Stored data:

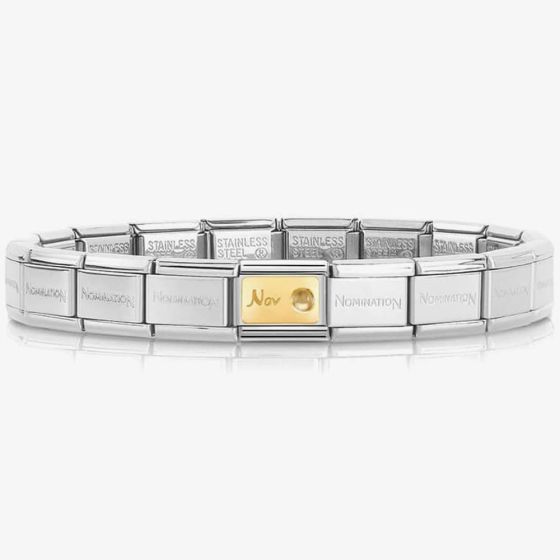 Nomination CLASSIC Composable November Citrine Bracelet 030519/11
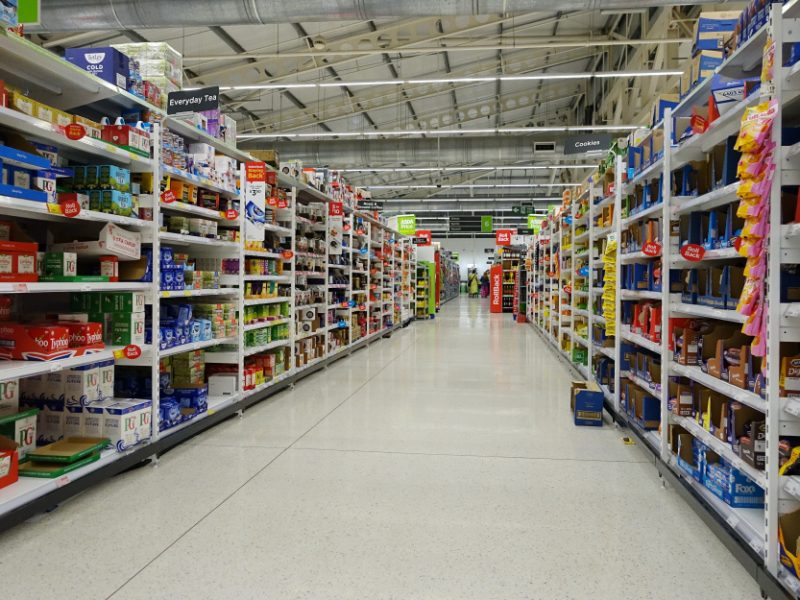 Supermarket aisle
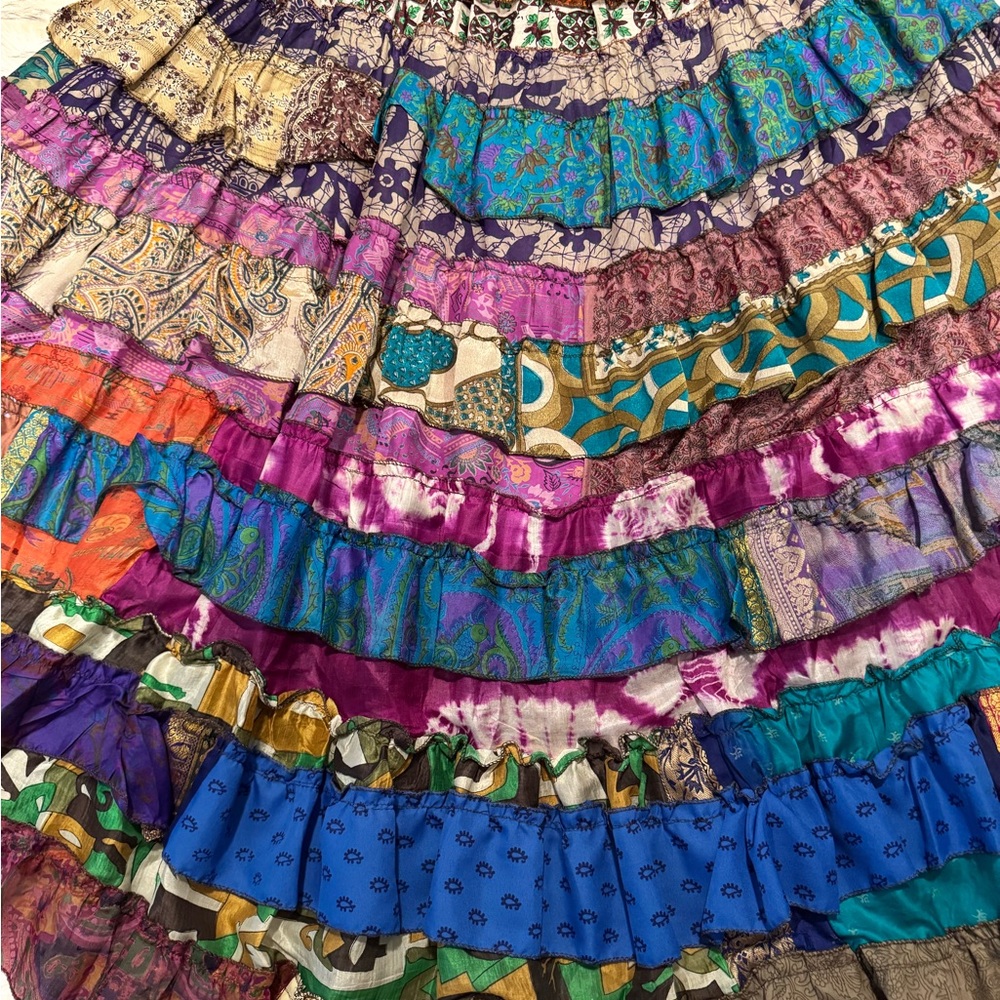 Advance Apparels Bohemian Patchwork Strapped Tier… - image 4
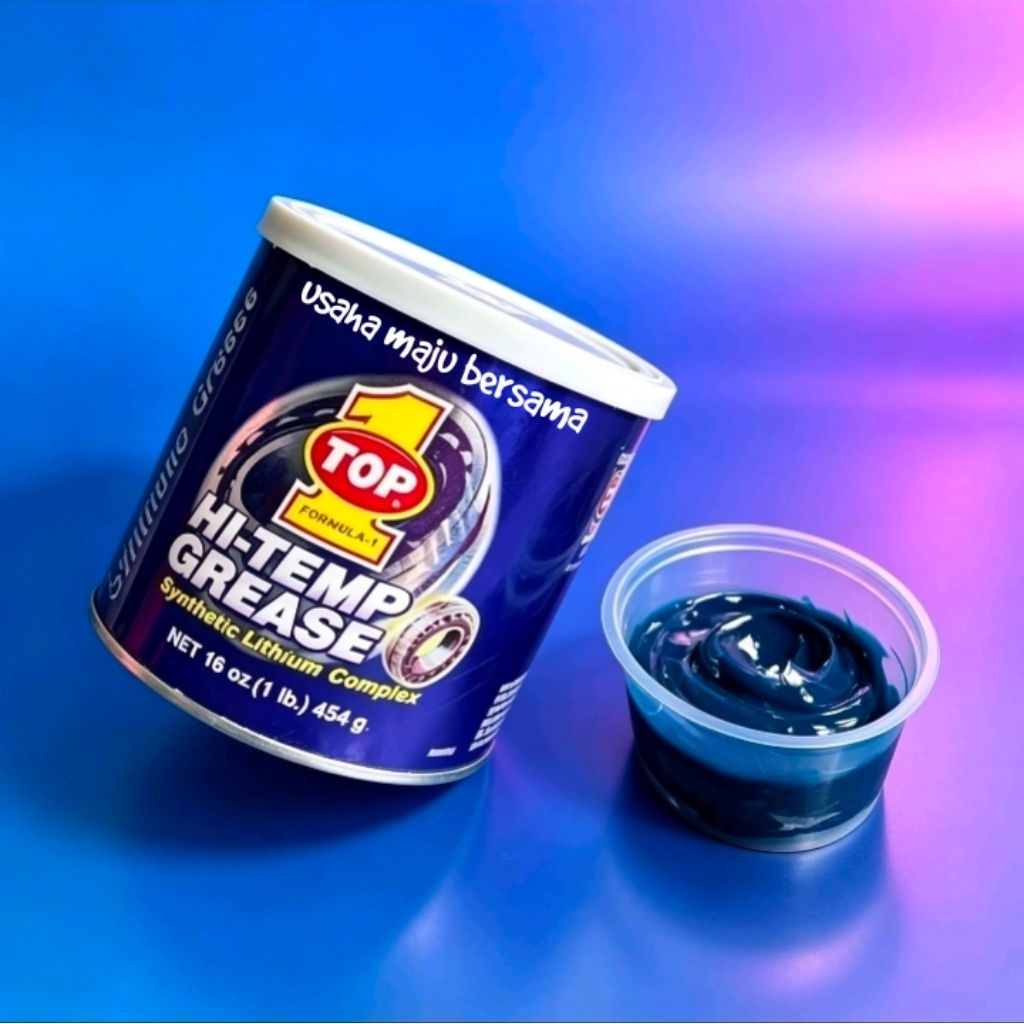 [1pcs] 50g & 30g Gemuk Stempet Pelumas Gomok CVT Bearing TOP 1 Grease Biru Blue Hi-Temp Tahan Panas 
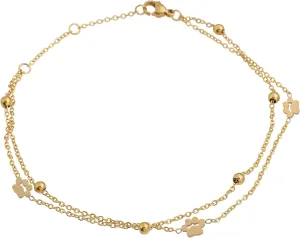 Edforce Stainless Steel Charms Anklet Foot Bracelet for Women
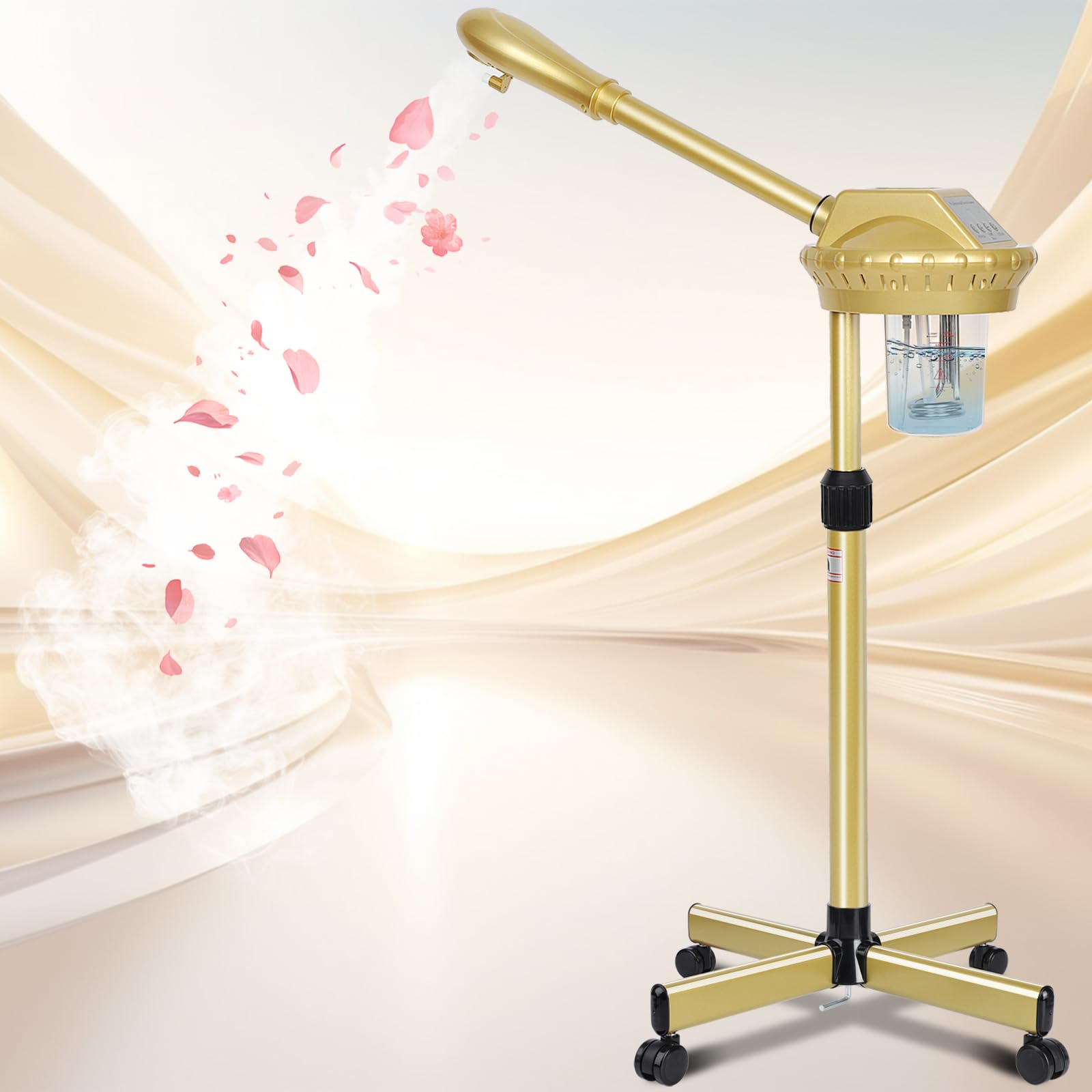 Wuissvnb Professional Facial Steamer,Deep Cleansing and Hydration Gold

EXERCISE GOAL:
No pictures belong in the output. Restate word for word only the lines from the one containing "[1pcs] 50g &" to the end of the entries above.

ANSWER TO THIS TASK:
 [1pcs] 50g & 30g Gemuk Stempet Pelumas Gomok CVT Bearing TOP 1 Grease Biru Blue Hi-Temp Tahan Panas 
 Edforce Stainless Steel Charms Anklet Foot Bracelet for Women
 Wuissvnb Professional Facial Steamer,Deep Cleansing and Hydration Gold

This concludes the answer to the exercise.